(Supplied records begins)

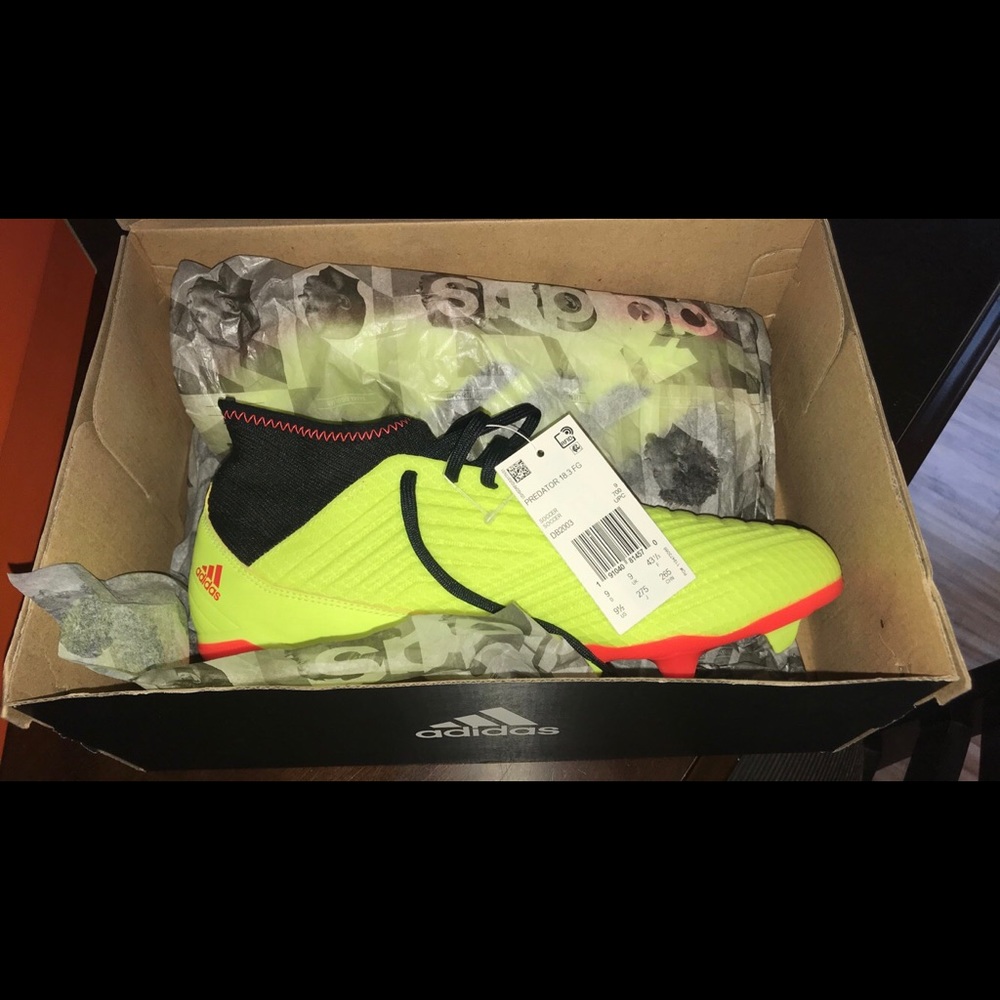 Adidas Predator 18.3 FG Soccer Cleats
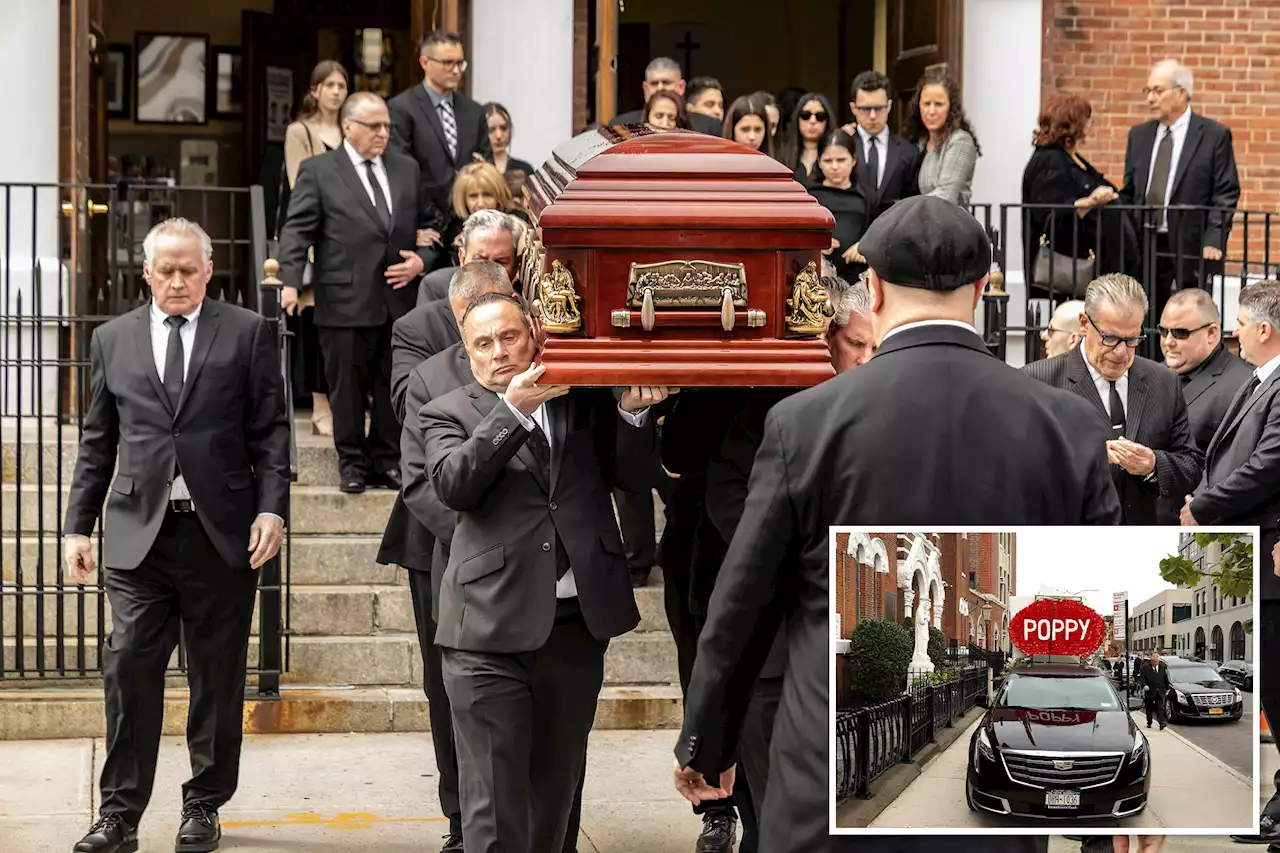 Colombo family boss Andrew ‘Mush’ Russo remembered at Brooklyn funeral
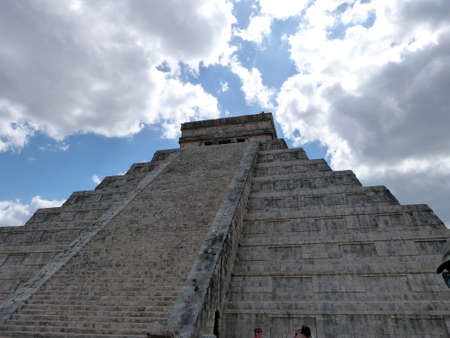 Temple of Kukulcan, Chichen Itza - Mexico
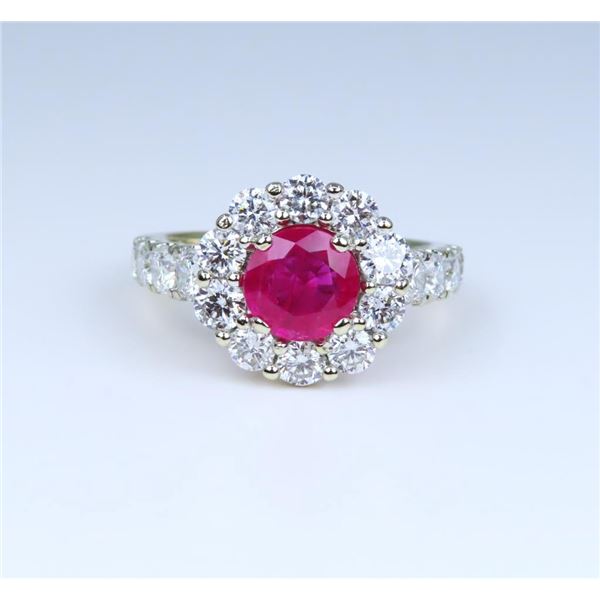 Exquisite Fine Burmese Ruby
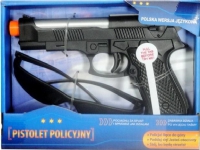 Svensk polis pistol med polsk ljudmodul (G3081)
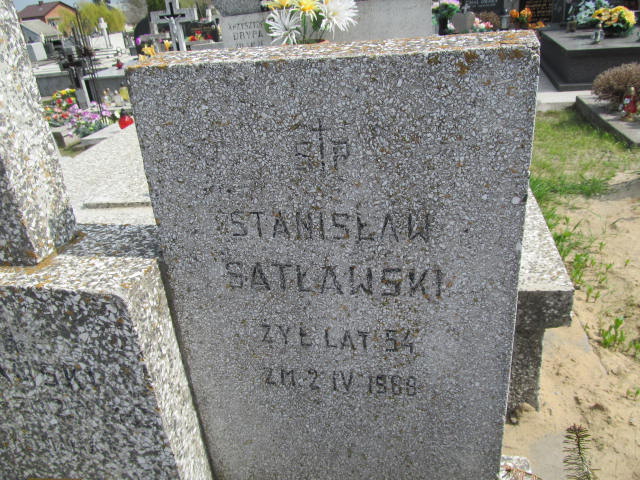 Helena Satławska Koprzywnica - Grobonet - Wyszukiwarka osób pochowanych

(Supplied records ends)

- About this task -
Return every line of the records exactly as given, pictures excluded.

- Response -
 Adidas Predator 18.3 FG Soccer Cleats
 Colombo family boss Andrew ‘Mush’ Russo remembered at Brooklyn funeral
 Temple of Kukulcan, Chichen Itza - Mexico
 Exquisite Fine Burmese Ruby
 Svensk polis pistol med polsk ljudmodul (G3081)
 Helena Satławska Koprzywnica - Grobonet - Wyszukiwarka osób pochowanych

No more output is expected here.